**Your objective:** I'd like the data beneath this line reproduced exactly, without any of its images.

**Data:**
▬▬▬▬▬▬▬▬▬▬
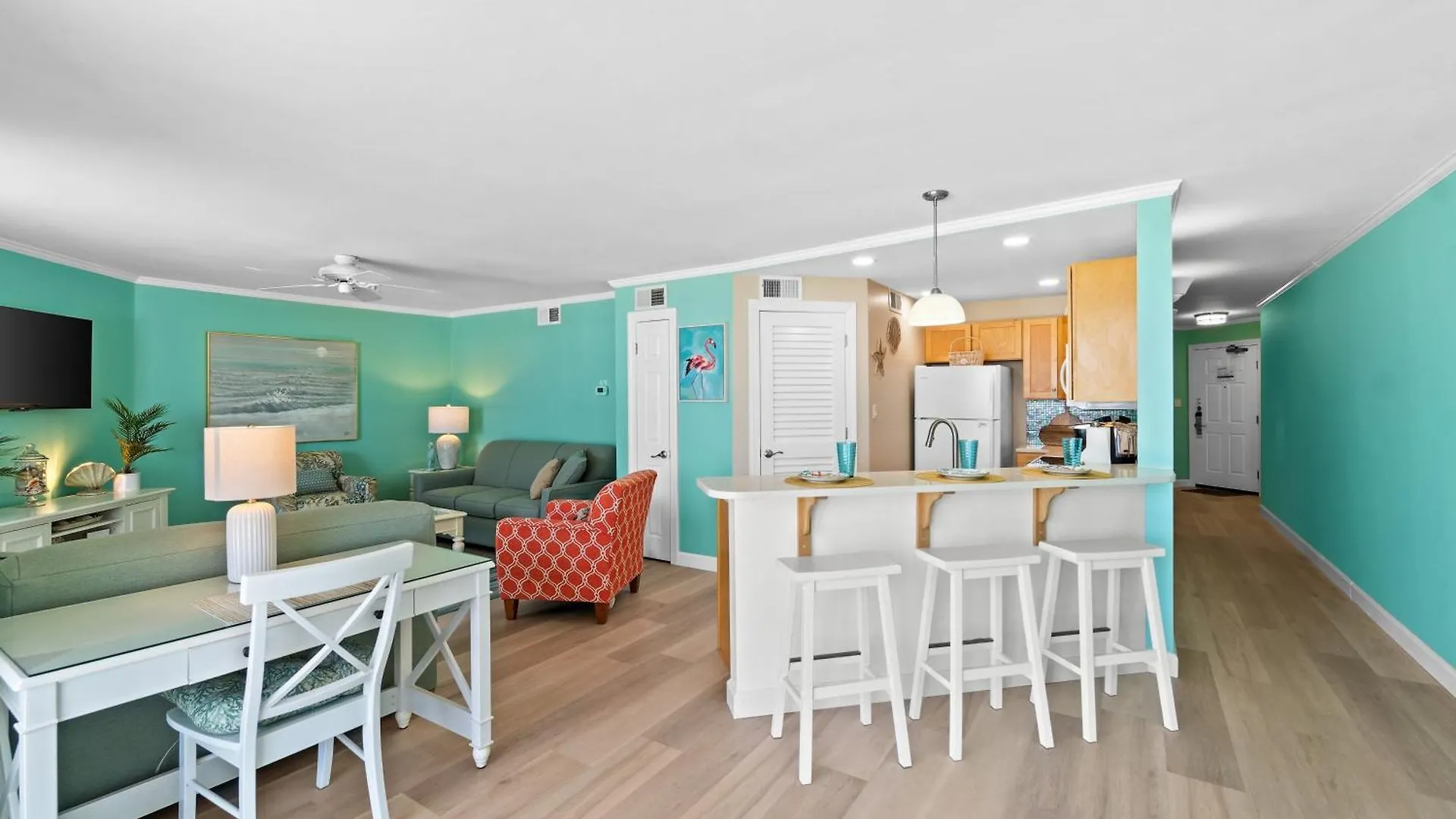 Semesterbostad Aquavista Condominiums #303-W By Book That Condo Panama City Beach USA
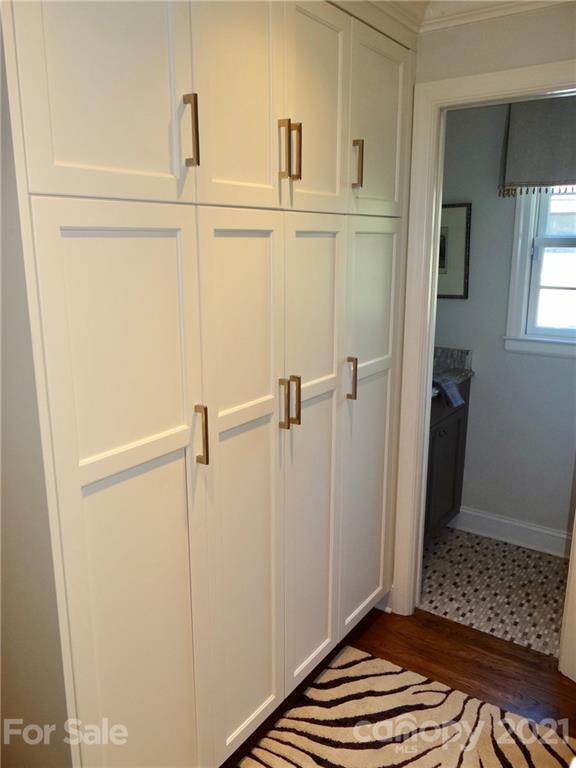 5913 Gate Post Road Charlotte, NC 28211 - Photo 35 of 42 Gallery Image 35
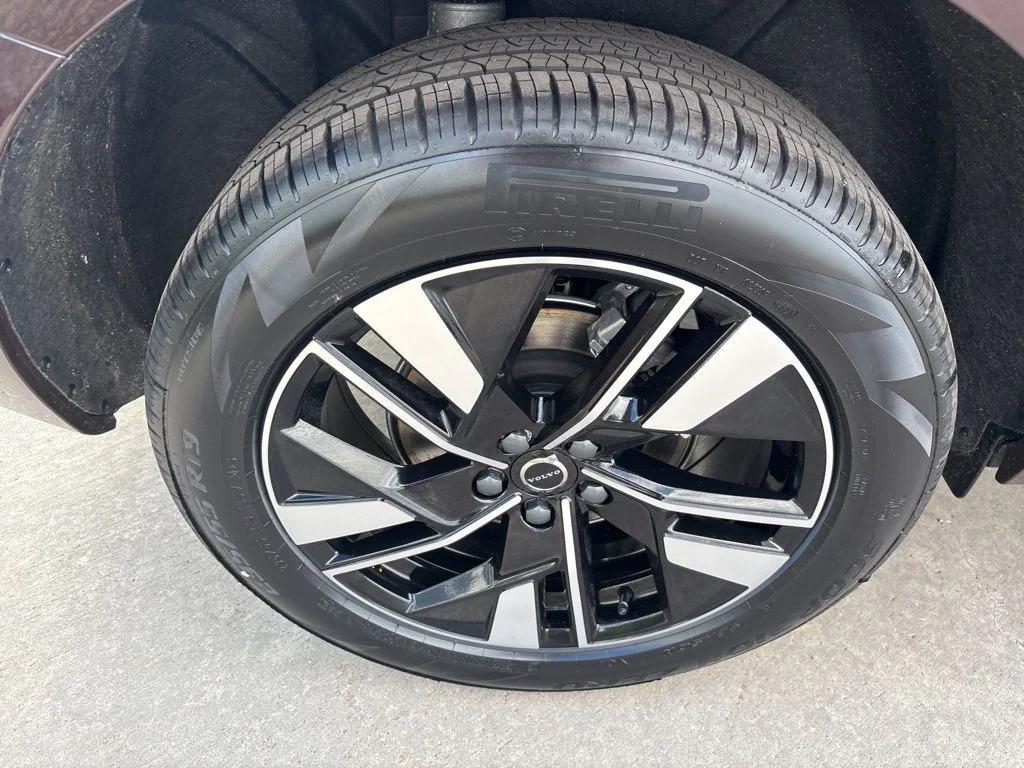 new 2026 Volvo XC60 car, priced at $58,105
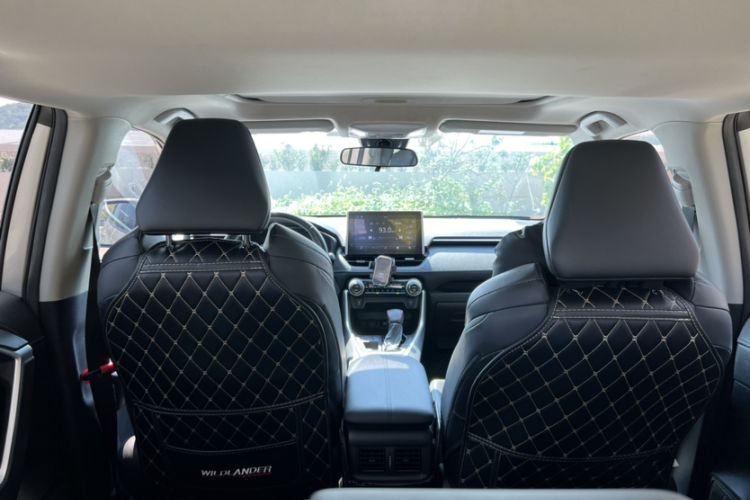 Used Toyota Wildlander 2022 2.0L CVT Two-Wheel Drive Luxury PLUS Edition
▬▬▬▬▬▬▬▬▬▬
**Completed exercise:**
 Semesterbostad Aquavista Condominiums #303-W By Book That Condo Panama City Beach USA
 5913 Gate Post Road Charlotte, NC 28211 - Photo 35 of 42 Gallery Image 35
 new 2026 Volvo XC60 car, priced at $58,105
 Used Toyota Wildlander 2022 2.0L CVT Two-Wheel Drive Luxury PLUS Edition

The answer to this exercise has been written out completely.